Un sistema che è il contrario di quello annunciato dalla maggioranza e previsto dall’accordo con il quale Pd, Leu e Iv accettarono di approvare la riforma costituzionale bandiera dei 5 Stelle per il taglio delle «poltrone». Con questo Rosatellum «bonsai» si esaspera il sacrificio della rappresentanza, i partiti più piccoli perdono anche un diritto di tribuna e in definitiva si esalta la torsione maggioritaria.

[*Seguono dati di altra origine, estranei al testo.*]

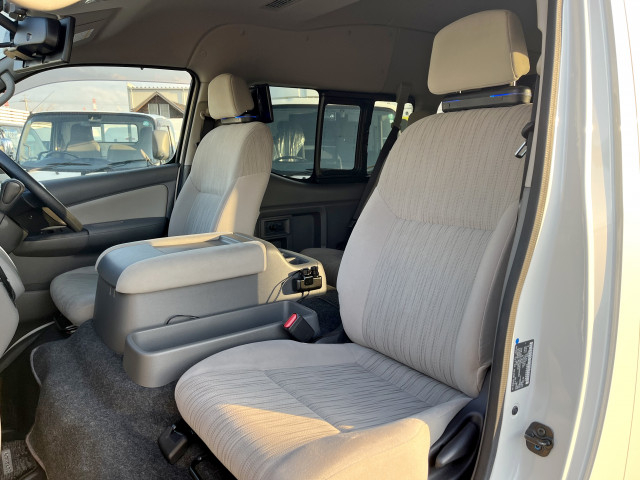 日産自動車 キャラバン 小型 バス CBF-DS8E26(99466) 16枚目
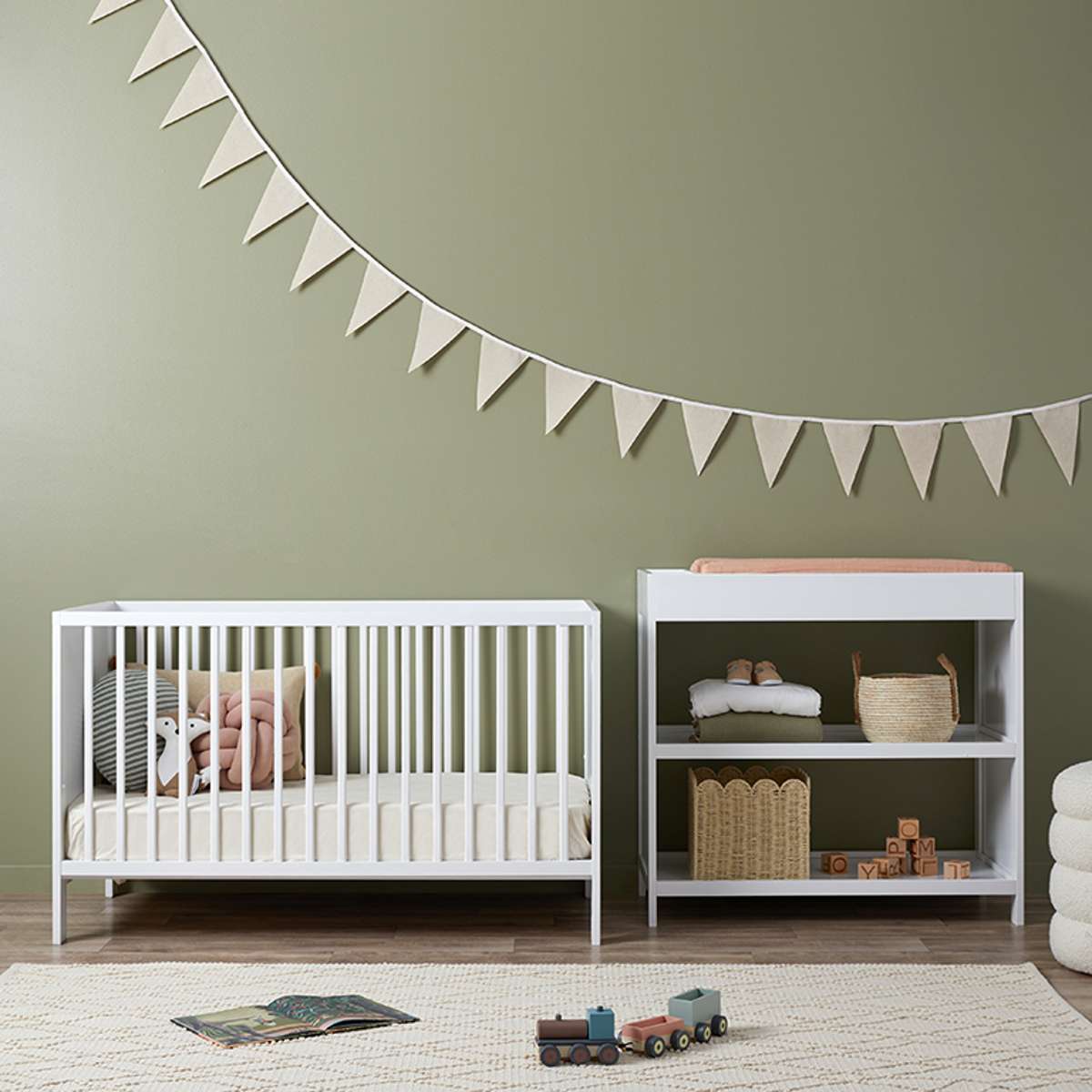 Mocka Aspiring Cot - White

Con il meccanismo dei collegi e soprattutto del voto unico – che trasferisce il consenso espresso nell’uninominale anche sulle liste che concorrono per i seggi proporzionali – una coalizione anche a due (in ipotesi Salvini-Meloni) può raggiungere la maggioranza anche con una percentuale nazionale inferiore al 40%.

È stata una legge approvata a maggio dello scorso anno, per iniziativa del leghista Calderoli, a introdurre l’obbligo per il governo di procedere alla ridefinizione dei collegi una volta entrata in vigore la riforma costituzionale che taglia i parlamentari. Adattando il numero di collegi uninominali e plurinominali. La legge costituzionale, confermata dal referendum il 20 e 21 settembre, è rimasta ferma al Quirinale fino al 19 ottobre, quando il presidente Mattarella l’ha firmata e promulgata. Pubblicata successivamente in Gazzetta ufficiale, la riforma è entrata in vigore il 5 novembre. L’iter per la ridefinizione dei collegi, previsto per legge in 60 giorni (ma il termine non è perentorio), deve concludersi entro il 4 gennaio. Per quella data il testo del decreto deve acquisire il parere delle commissioni parlamentari e poi tornare a palazzo Chigi. In attesa di poter leggere il testo, ieri introvabile, il governo ha confermato, e non sarebbe stato possibile altrimenti, che «la definizione dei collegi è stata effettuata sulla base della proposta della commissione tecnica, composta da dieci esperti in materia e presieduta dal presidente dell’Istat».